Dataset entries
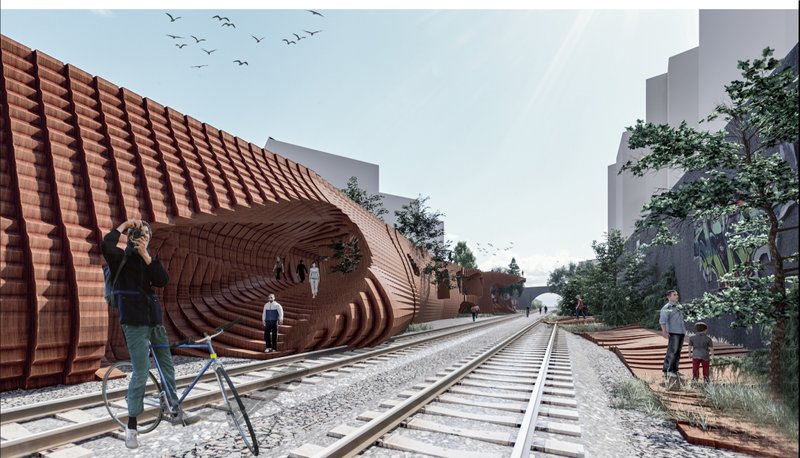 Parametric wooden structure activates the abandoned railway, creating an immersive public corridor along the Petite Ceinture.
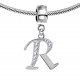 Bracelet compatible Silver Initial Charm with CZ  Crystals - Fits all European Bracelets - Letters A to Z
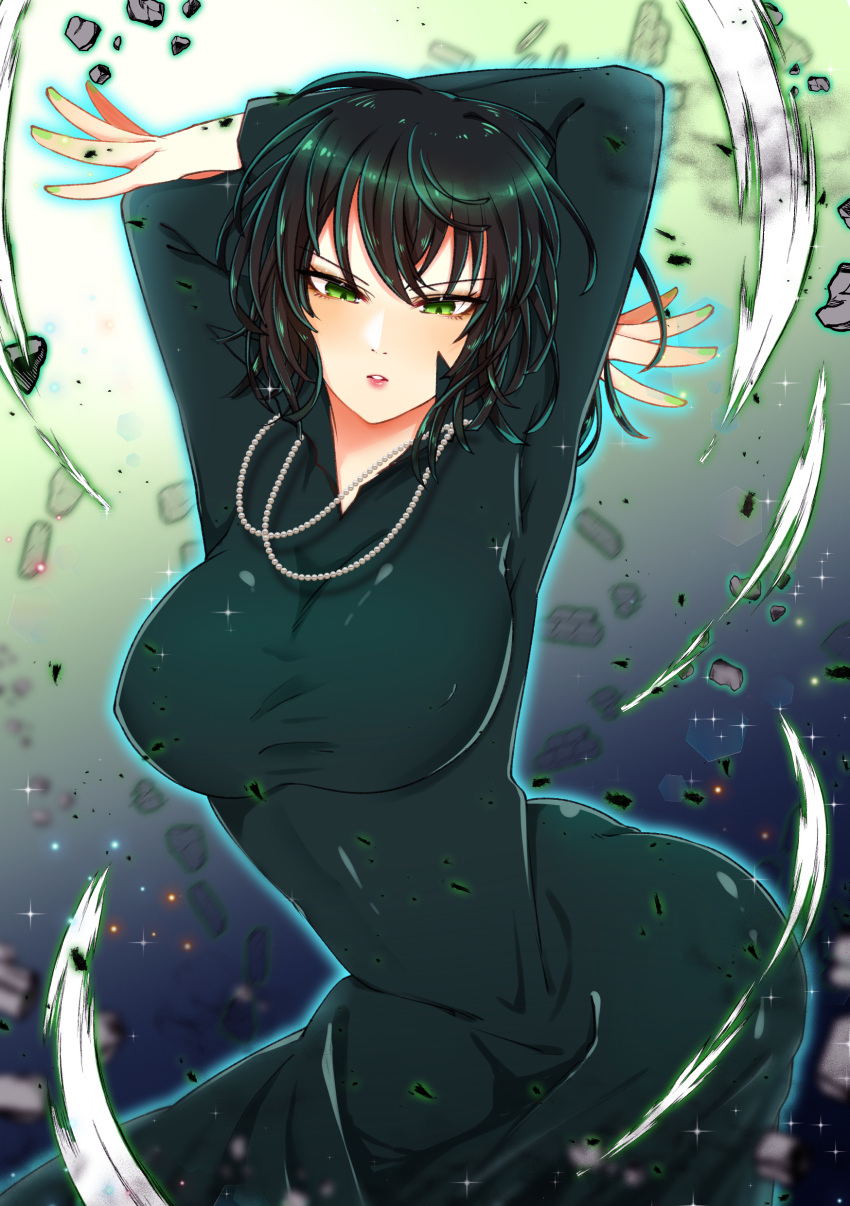 1girl absurdres black_hair bob_cut breasts dress fubuki_(one-punch_man) green_dress green_eyes highres impossible_clothes large_breasts looking_at_viewer mishima-maki one-punch_man solo taut_clothes taut_dress telekinesis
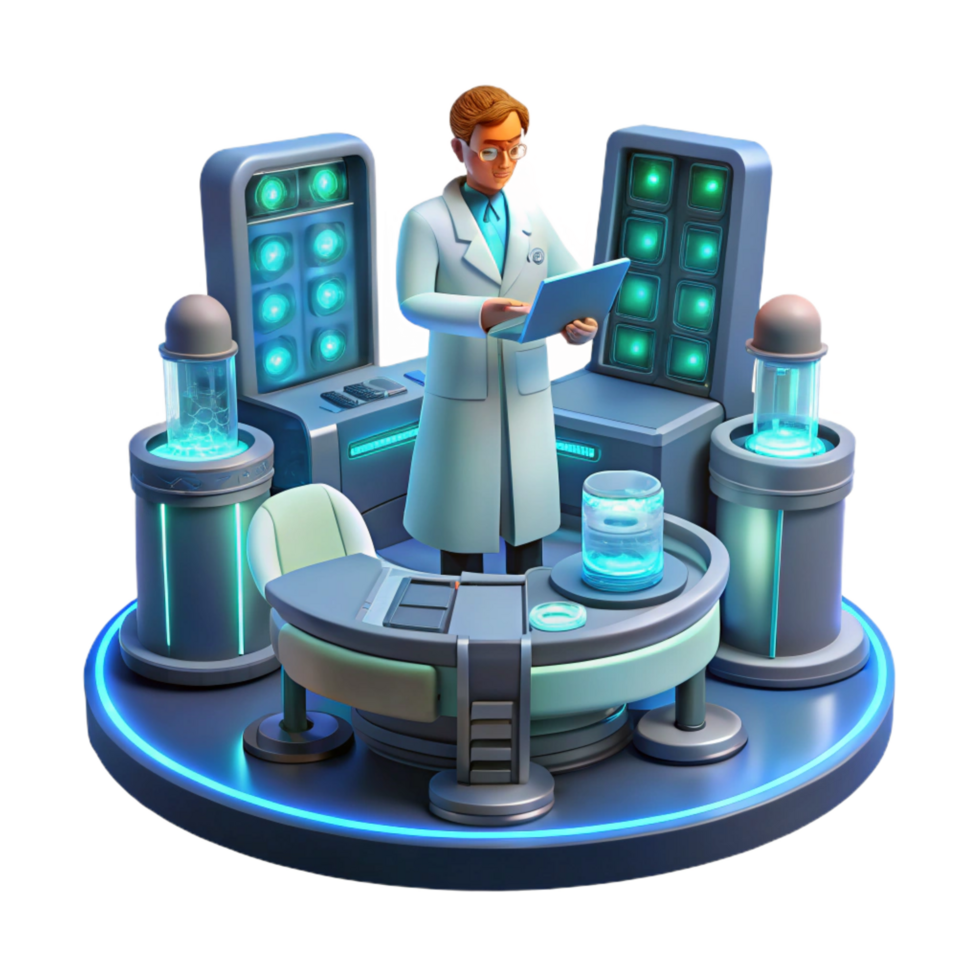 reflective pristine A scientist working in a futuristic laboratory, surrounded by glowing screens and complex machinery, cool lighting, realistic style 8K png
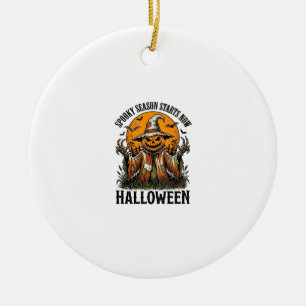 Vintage-Halloween-Vogelscheuche-Kürbis-Hexe-Shirt_ Keramik Ornament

### EXERCISE DESCRIPTION:
The output is the data above, repeated exactly, with pictures omitted.

### YOUR RESPONSE:
 Parametric wooden structure activates the abandoned railway, creating an immersive public corridor along the Petite Ceinture.
 Bracelet compatible Silver Initial Charm with CZ  Crystals - Fits all European Bracelets - Letters A to Z
 1girl absurdres black_hair bob_cut breasts dress fubuki_(one-punch_man) green_dress green_eyes highres impossible_clothes large_breasts looking_at_viewer mishima-maki one-punch_man solo taut_clothes taut_dress telekinesis
 reflective pristine A scientist working in a futuristic laboratory, surrounded by glowing screens and complex machinery, cool lighting, realistic style 8K png
 Vintage-Halloween-Vogelscheuche-Kürbis-Hexe-Shirt_ Keramik Ornament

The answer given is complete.